[RECORDS TO PROCESS — start]

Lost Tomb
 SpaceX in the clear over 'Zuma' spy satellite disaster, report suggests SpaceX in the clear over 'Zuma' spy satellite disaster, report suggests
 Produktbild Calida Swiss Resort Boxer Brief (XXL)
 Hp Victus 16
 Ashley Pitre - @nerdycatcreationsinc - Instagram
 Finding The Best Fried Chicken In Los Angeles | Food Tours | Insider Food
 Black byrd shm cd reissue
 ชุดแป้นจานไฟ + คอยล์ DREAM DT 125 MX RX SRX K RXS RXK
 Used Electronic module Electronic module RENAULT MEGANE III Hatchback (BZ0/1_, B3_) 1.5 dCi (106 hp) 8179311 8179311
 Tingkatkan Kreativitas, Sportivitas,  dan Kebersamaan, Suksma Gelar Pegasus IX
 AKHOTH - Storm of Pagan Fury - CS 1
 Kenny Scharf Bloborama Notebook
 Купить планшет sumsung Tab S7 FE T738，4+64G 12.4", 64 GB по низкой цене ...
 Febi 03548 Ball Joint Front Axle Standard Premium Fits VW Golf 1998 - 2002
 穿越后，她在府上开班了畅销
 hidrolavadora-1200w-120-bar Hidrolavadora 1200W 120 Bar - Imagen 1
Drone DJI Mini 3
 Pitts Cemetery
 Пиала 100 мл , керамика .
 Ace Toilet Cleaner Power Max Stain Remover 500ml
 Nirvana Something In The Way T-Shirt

[RECORDS TO PROCESS — finish]

TASK >>
Leave out every line before the one containing "hidrolavadora-1200w-120-bar Hidrolavadora 1200W". Transcribe that line and all lines after it through the end of the data above, exactly.

ANSWER FOR THE TASK >>
 hidrolavadora-1200w-120-bar Hidrolavadora 1200W 120 Bar - Imagen 1
Drone DJI Mini 3
 Pitts Cemetery
 Пиала 100 мл , керамика .
 Ace Toilet Cleaner Power Max Stain Remover 500ml
 Nirvana Something In The Way T-Shirt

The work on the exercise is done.